The increasingly contentious debate over House Bill 175-37 continued on Friday, with Senator Sabina Perez continuing to introduce amendments to the bill.

Senator Chris Dueñas' bill 175-37 would allow the division of deceased property, or property divided among heirs upon the death of their parents, into up to four 9,600-square-foot lots if they use a modern, nitrogen-reducing on-site disposal system known as a Type 4 system certified by the Guam Environmental Protection Agency.

The debates were often heated, with senators interrupting on procedural issues.

At one point, Senator Joanne Brown spoke in favor of an amendment by lifting a glass of water and adding various food colorings that darkened the water to “visually demonstrate” how water can be contaminated.

But ultimately, the number of amendments proposed by the Chair of the Oversight Board, Senator Sabina Perez, took center stage.

Senator Dwayne San Nicolas questioned the scope of the proposed changes.

“Why don't you just present a new bill despite all these amendments? … This is not sincere, it is just an attempt to kill the bill,” San Nicolas said.

“If you want this law, we have to make sure our population is protected…if you want an increase in population density, we have to make sure our water is not contaminated,” Perez replied.

Senator Telo Taitague said the energy spent derailing the debate should be used to make changes “to protect our people”.

Senator Tom Fisher said 17 amendments had been introduced and asked Perez: “Do you agree that your real motive in introducing so many vexatious amendments is to destroy the law, not to improve it, and that you are acting in bad faith?”

Perez responded that it was an “unfair question” and that she had been very transparent about the bill.

Dueñas told the Pacific Daily News that he believes Perez's amendments are a way to block the bill, a political process that attempts to delay debate on a bill and thereby delay or prevent a decision.

Senator Chris Barnett said it was “the special interests” and not the landowners who wanted the bill passed in its current form.

“Look at this, it's quite clear who is getting angry?

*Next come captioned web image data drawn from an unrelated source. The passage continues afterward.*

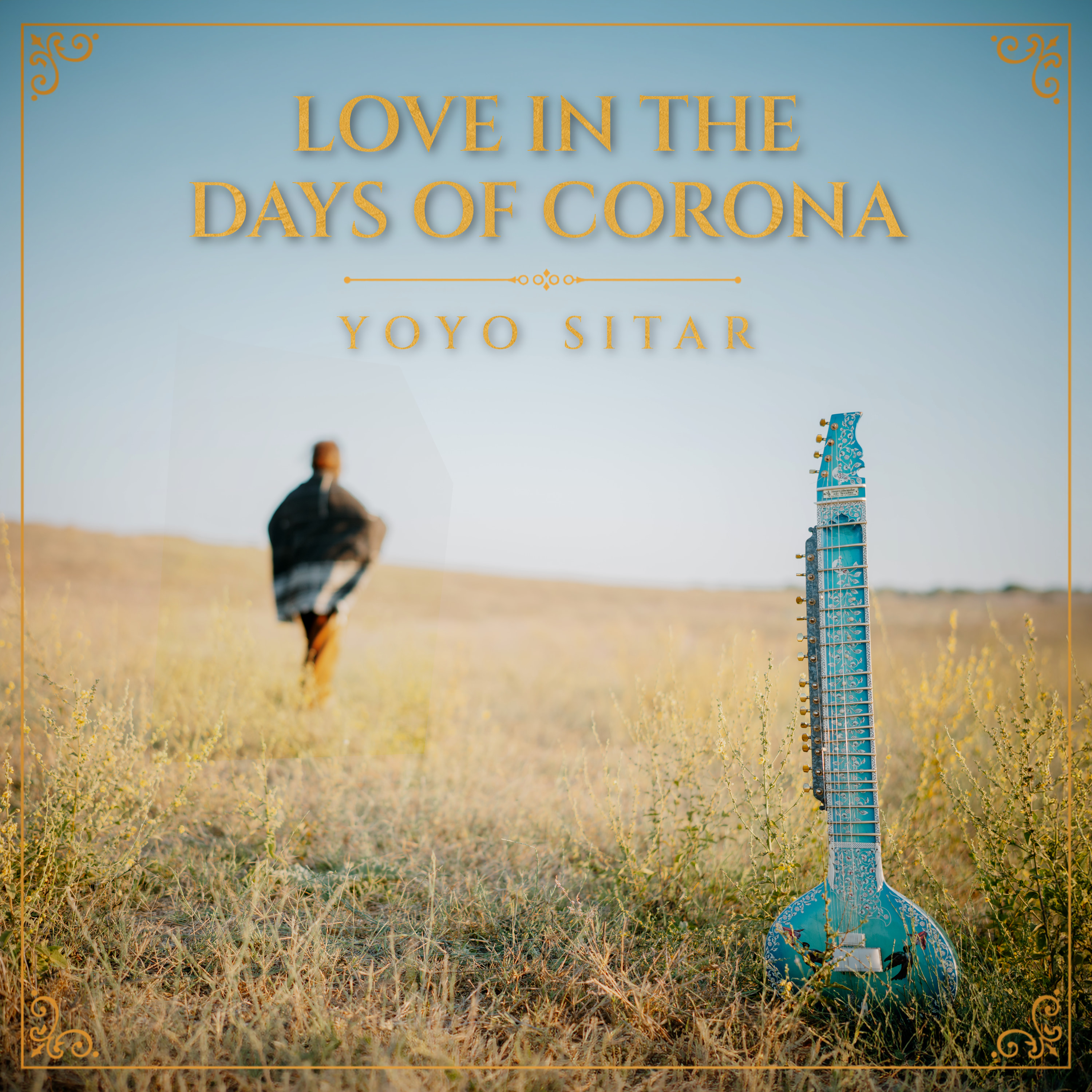 Cover art for Love in the Days of Corona by YoYo Sitar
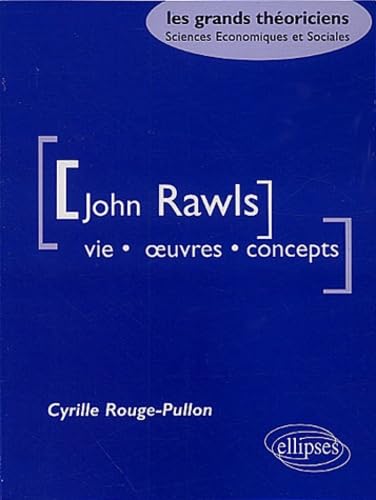 Stock image for John Rawls. Vie, oeuvres, concepts for sale by Ammareal
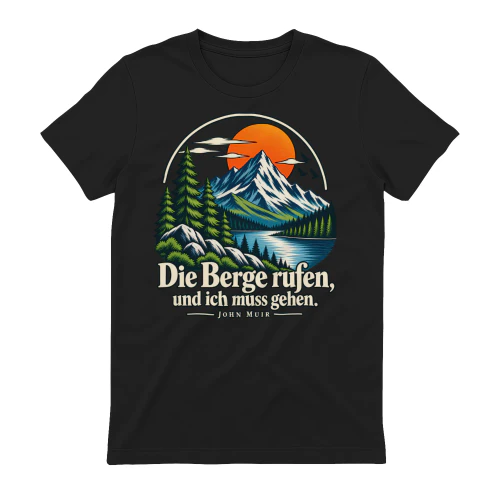 Die Berge rufen T-Shirt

We are here to debate and discuss and if you don't want to do that, something is wrong,” Barnett said.

Senator Joe San Agustin followed suit, saying he supported another amendment, but responded to Barnett's comments with obvious sarcasm.

“If someone wants to give me a donation, I accept it, real estate agent, I accept donations from anyone, but I can't buy my vote with it,” San Agustin said.

Perez argued Thursday that developing non-sewer-connected quarter-hectare lots within the groundwater protection zone, even with Type 4 nitrogen reduction systems, would result in a doubling or a hundredfold increase in wastewater loads.

“The purity and cleanliness of our water should be non-negotiable,” Perez said of her amendment, which is intended to prevent developers from exploiting the purpose of the law.

Dueñas said the impact of the measure had been exaggerated.

“This bill is narrowly drafted and corrects a serious injustice to the estate,” he said.

Finally, late in the afternoon, a motion to end debate on the bill was passed 175-37.

The legislative session is scheduled to resume on Monday at 9 a.m.